* TASK INSTRUCTIONS
Since the records include pictures, leave those out while you reproduce exactly and only the lines from the one containing "Special Supplies Square" through the one containing "Rare Rabbit Men's", inclusive.

* INFORMATION GIVEN
■ ■ ■
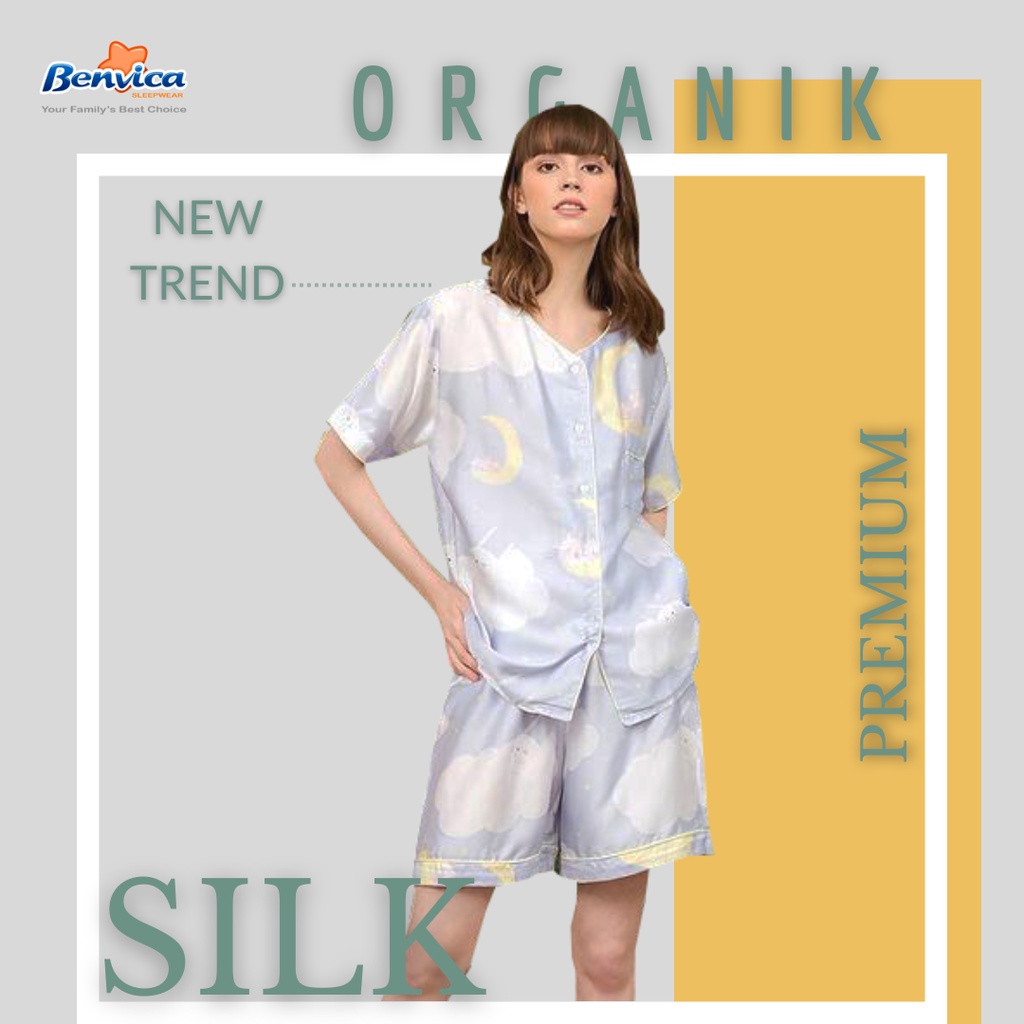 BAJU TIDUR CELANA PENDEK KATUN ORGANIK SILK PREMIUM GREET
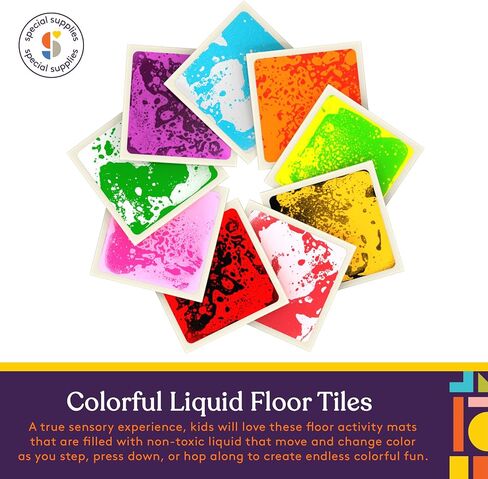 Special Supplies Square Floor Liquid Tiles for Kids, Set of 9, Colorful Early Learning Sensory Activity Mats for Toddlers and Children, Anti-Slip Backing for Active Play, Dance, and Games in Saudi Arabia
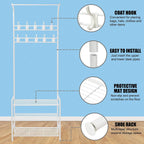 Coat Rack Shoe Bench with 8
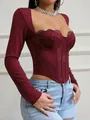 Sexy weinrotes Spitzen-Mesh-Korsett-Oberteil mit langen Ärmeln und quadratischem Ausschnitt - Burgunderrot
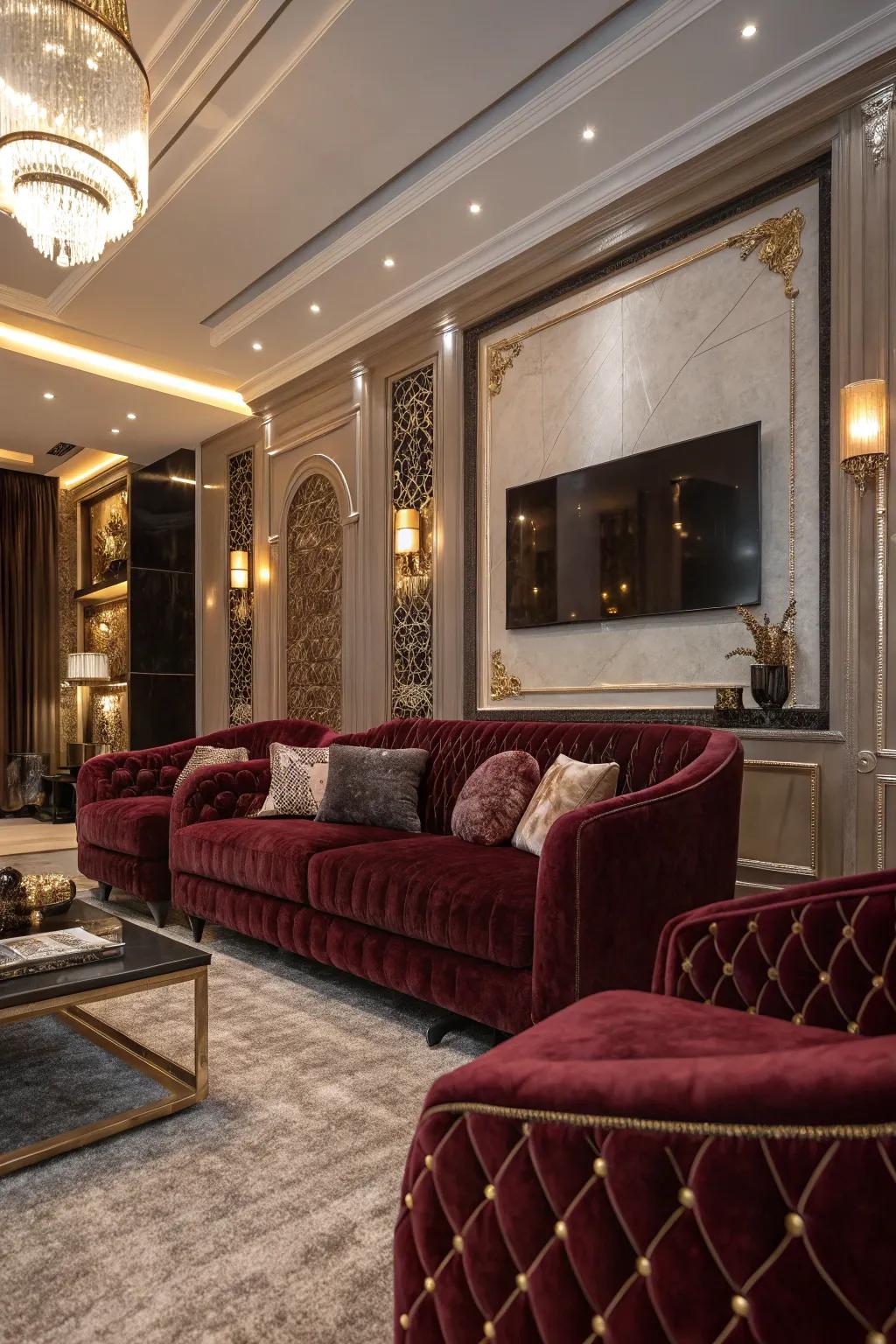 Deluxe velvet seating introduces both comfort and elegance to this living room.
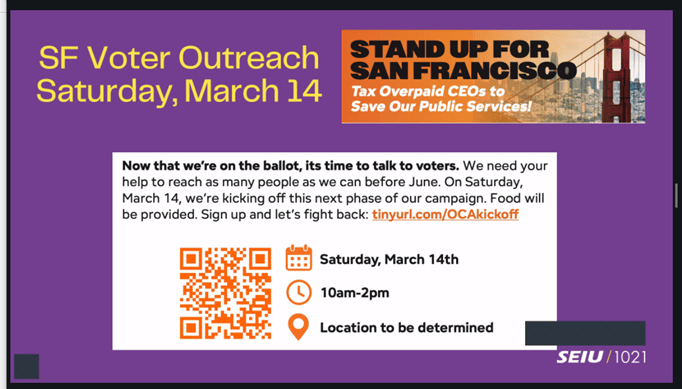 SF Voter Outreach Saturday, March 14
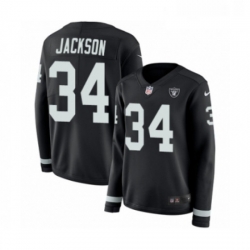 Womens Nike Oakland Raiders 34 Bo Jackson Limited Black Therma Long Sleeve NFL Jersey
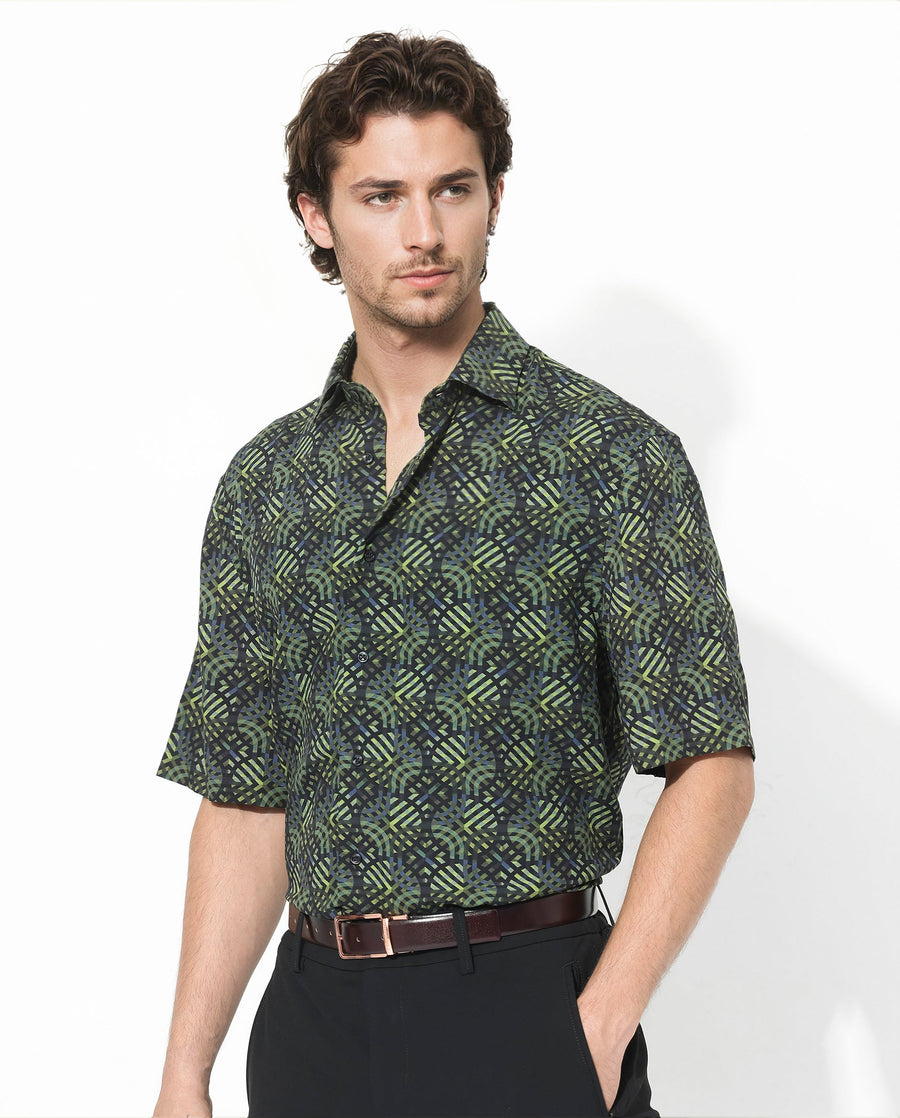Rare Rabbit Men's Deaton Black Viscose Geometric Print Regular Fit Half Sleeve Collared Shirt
■ ■ ■
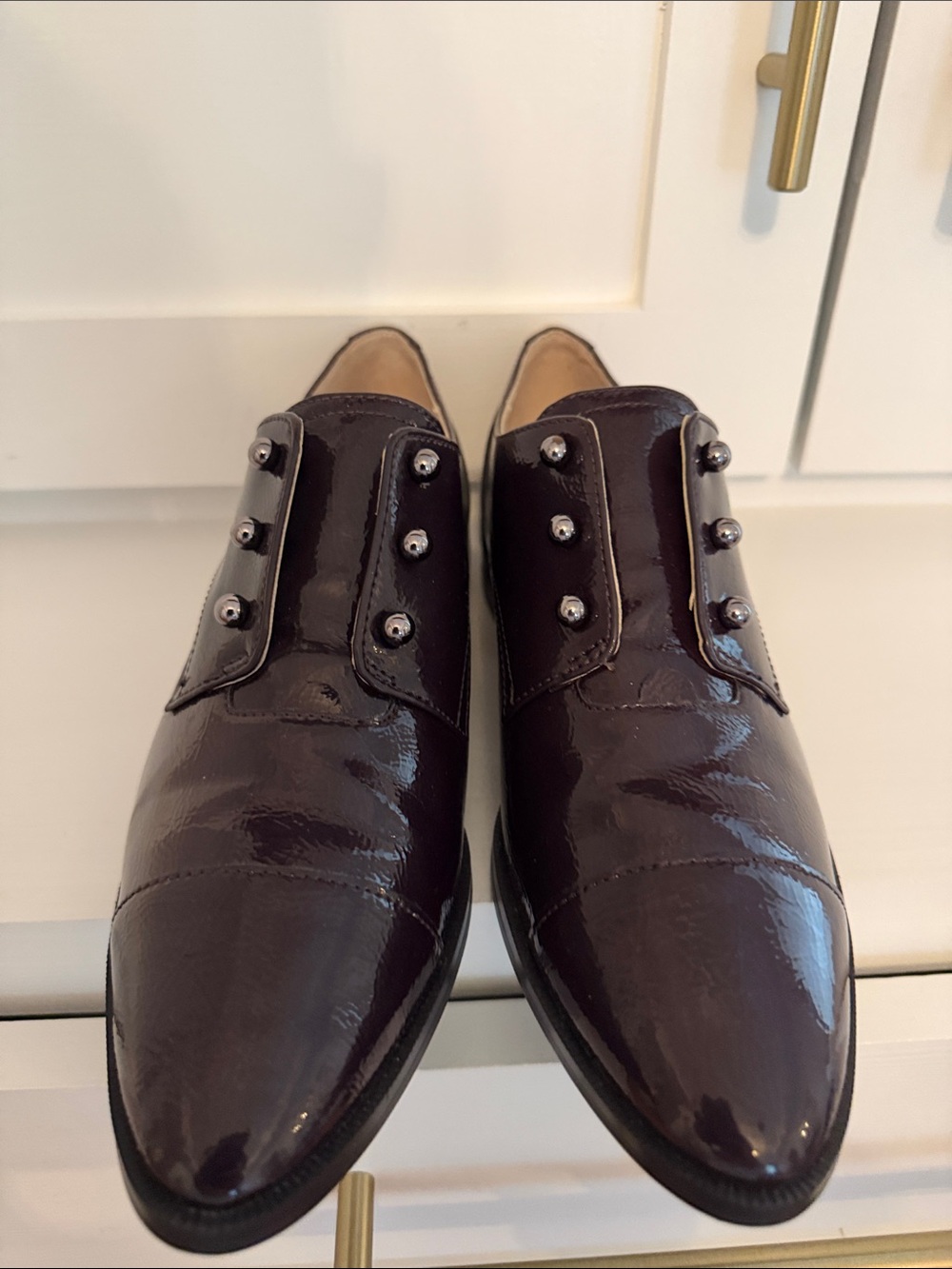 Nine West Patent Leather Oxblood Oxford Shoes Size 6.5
■ ■ ■
* SOLUTION FOR THIS EXERCISE
 Special Supplies Square Floor Liquid Tiles for Kids, Set of 9, Colorful Early Learning Sensory Activity Mats for Toddlers and Children, Anti-Slip Backing for Active Play, Dance, and Games in Saudi Arabia
 Coat Rack Shoe Bench with 8
 Sexy weinrotes Spitzen-Mesh-Korsett-Oberteil mit langen Ärmeln und quadratischem Ausschnitt - Burgunderrot
 Deluxe velvet seating introduces both comfort and elegance to this living room.
 SF Voter Outreach Saturday, March 14
 Womens Nike Oakland Raiders 34 Bo Jackson Limited Black Therma Long Sleeve NFL Jersey
Rare Rabbit Men's Deaton Black Viscose Geometric Print Regular Fit Half Sleeve Collared Shirt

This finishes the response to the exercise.